The euro-Swiss franc pair is trading at a three-year high, close to the floor the Swiss National Bank abandoned back in January 2015. Geopolitical tensions, which should ordinarily make a haven currency like the franc more popular, drove it back to such lows, market participants said.
The euro-franc pair EURCHF, +0.0584% rallied to a session high of 1.1994 francs on Wednesday, its best level since January 2015, when the Swiss National Bank removed the floor of 1.20 it had set for the franc versus the shared currency, and instead allowed the pair to trade freely. It was staying around that level early Thursday.
Part of the reason behind originally instituting this peg was to protect the Swiss franc from being inflated as the European Central Bank gobbled up European assets as part of its quantitative-easing program. Its removal left the franc rallying to its strongest level ever against the euro, but that was short lived, as it has slowly retraced its gains over the past three years.
Versus the franc, the dollar USDCHF, -0.0310% is around its highest level since January of this year, buying 0.9683 on Thursday.
But despite its history of central-bank intervention, the Swiss currency was likely driven to such lows by market forces, analysts said.
“The Swiss franc was the outlier over the last 24 hours. The two ‘safe haven’ currencies seem to be responding asymmetrically to risk,” said Marshall Gittler, chief strategist and head of education for ACLS Global, referring also to the Japanese yen USDJPY, +0.05%
“The ‘risk off’ environment pushed the yen up more than the franc, but the ‘risk on’ seems to be pushing the franc down more than the yen,” he added. This was particularly remarkable on Wednesday, on the back of the news that CIA Director Mike Pompeo secretly met with North Korean leader Kim Jong Un.
And while the U.S. dollar DXY, -0.04% edged higher on Wednesday, its general weakness so far this year, down 2.8%, and last year, off 9.9%, may also have played a role in the franc’s depreciation against the euro, suggested strategists from Brown Brothers Harriman in a note.
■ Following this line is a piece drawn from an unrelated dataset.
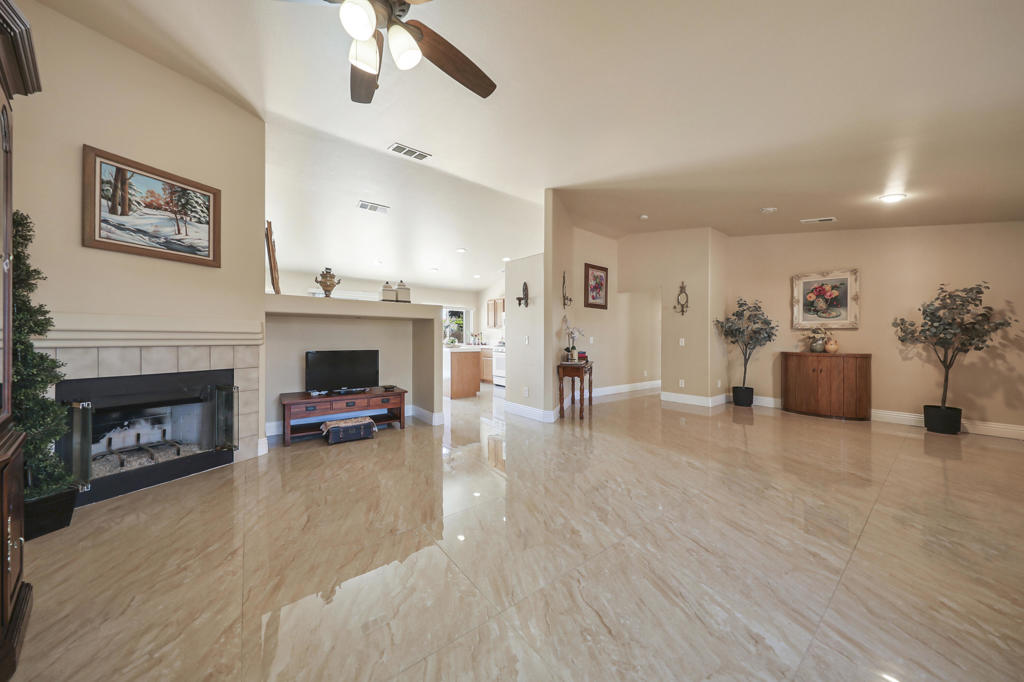 Residential for sale at 45930 Las Colinas, La Quinta CA featuring 3 beds and 2 baths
U.S. sanctions on Russia-related Swiss investments also could have made a difference, as the relationship between Moscow and Washington is worsening over allegations of tampering with the 2016 U.S. presidential race and Russia’s support of Syrian President Bashar al-Assad after a suspected chemical-weapons attack in Syria.
On top of that, while net shorts in the Swiss currency have been lingering around for some time, the fact that they haven’t been ramping up aggressively suggests there might still be some more room for Swiss weakening, Gittler suggested.
“The euro is a more significant alternative to the dollar than the franc, and Swiss officials have clearly signaled their intention to lag behind other central banks in normalizing monetary policy,” according to BBH note read.
And indeed, SNB President Jordan said last week that he didn’t want to spark a sudden appreciation in the franc. An interest-rate hike commonly leads to appreciation of a currency. The central banker also said that normalization elsewhere—i.e. in Frankfurt, where the ECB is located—would be advantageous for Switzerland, as it would give the SNB room to maneuver.
Also weighing on the franc could be the “‘Vollgeld Initiative’ referendum on June 10—a contentious, and potentially detrimental, national vote on whether to abandon the current fractional-reserve banking system,” said Viraj Patel, FX strategist at ING. Both the Swiss finance ministry and the SNB are against the proposal, saying it would jeopardize Switzerland’s growth and prosperity.